Like Cabrera, Forsythe was given a shot due to another middle infielder’s injuries and eventual release of Orlando Hudson. It was another failed signing/acquisition by the former general manager. In Hudson’s two seasons with San Diego, he batted just .238, while falling out of favor with fans with his defensive miscues and questionable efforts. He was also hindered by injuries, like Bartlett.

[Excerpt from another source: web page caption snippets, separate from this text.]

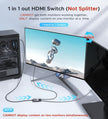 HDMI Switch 4K 60Hz, WARRKY HDMI Switcher 2 in 1 Out [Fixed Braided Cable] 🍁 All In One Marketplace Canada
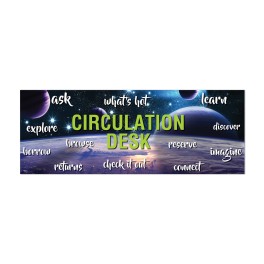 Circulation Desk Wall Graphic - Space Design  (Removable)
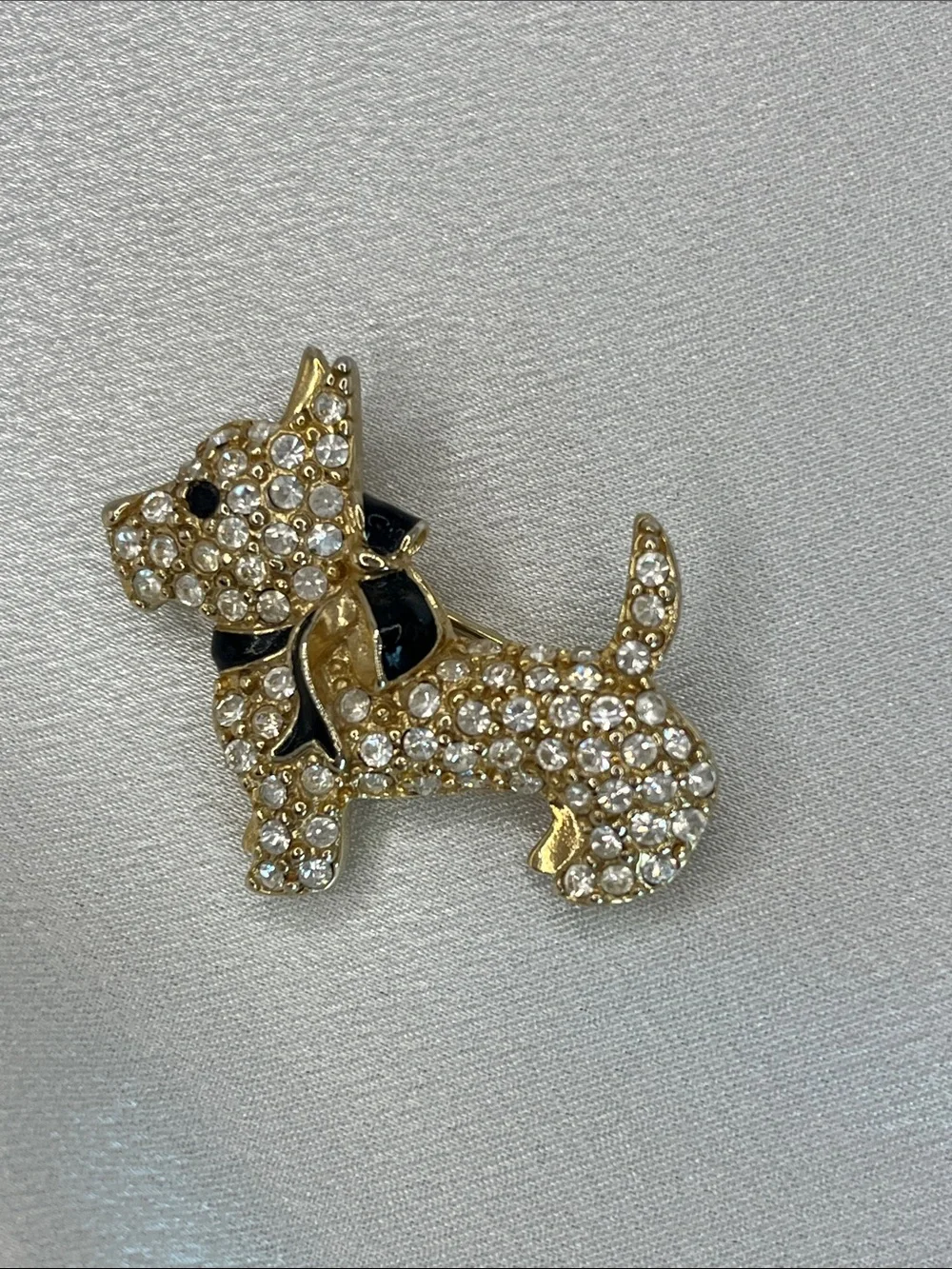 Monet Gold Crystal Scotty Dog Pin with Black Enamel Bow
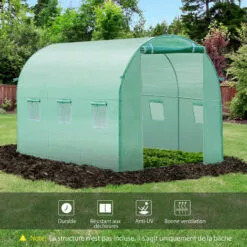 Outsunny Bâche De Rechange Serre Tunnel 6 M², Bâche Dim. 3L X 2l X 2H M PE Anti-UV Imperméable 6 Fenêtres + Porte Enroulable Zippée Vert - Vert -Serre de jardin Boutique 28909935 4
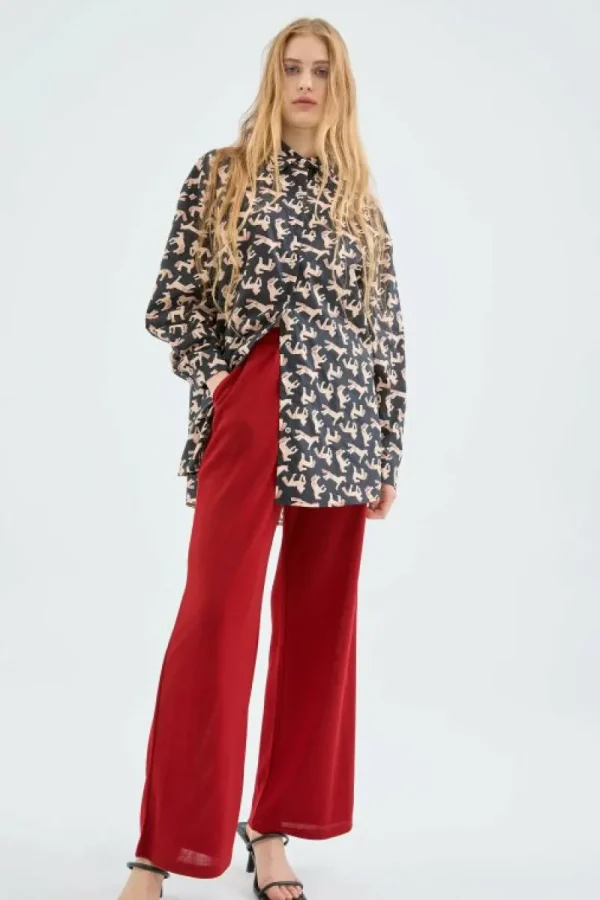 Pantalón largo recto fluido rojo-COMPAÑIAFANTASTICA Sale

Forsythe was incredible last year, especially when you consider he was essentially a rookie, (as he exceeded 130 AB in 2011 to qualify as a rookie this year) and flourished hitting in cavernous PETCO Park. He batted .273/.343/.390, 12 2B, 3 3B, 6 HR, 26 RBI and 8 SB with 315 AB. He batted a very impressive .313/.381/494 at home and hit five of his six homers at PETCO. However, he didn’t excel batting with runners on base (.238) or with runners in scoring position (.197). He was playing second base, (which once again is not his natural position) but looked solid overall showing above average range at times, despite multiple knee surgeries, a great arm and flashes of sparkling heads up instinctual plays, as well as psychically gifted plays. His hustle mentality and hard nosed baseball play epitomizes what the Padres are preaching in a true ball player makeup.
So, what’s the problem in having Cabrera as shortstop and Forsythe at second base going into 2013? Well, top prospect Jedd Gyorko will have a legitimate shot at becoming the regular second baseman during spring training (barring a major trade).
While Forsythe only played 21.2 innings at shortstop, there are people in the Padres organization who would like to see him beat out Cabrera at short due to his offensive promise, although I am skeptical.
I wonder if there is an interesting solution to this problem. How about a match-up platoon situation between Cabrera and Forsythe at shortstop? While Forsythe was impressive overall, he only hit .222/.284/.319 against right-handed pitching. In contrast, switch-hitter Cabrera hit .267/.347/.351 off right-handed pitching and struggled mightily off left-handed pitching, batting .195/.266/.257. Forsythe flourished, slugging an impressive .384/.465/.545 against south paws. I am not usually a fan of platoon scenarios, but this could be an ideal way to keep Cabrera’s speed and promising defense in the lineup. In addition, it could also get Forsythe’s bat in the lineup, and rest his surgically repaired knee on occasion, while potentially being able to get another Padres top-prospect bat (Gyorko) in the lineup in hopes of continuing to bolster their offensive production.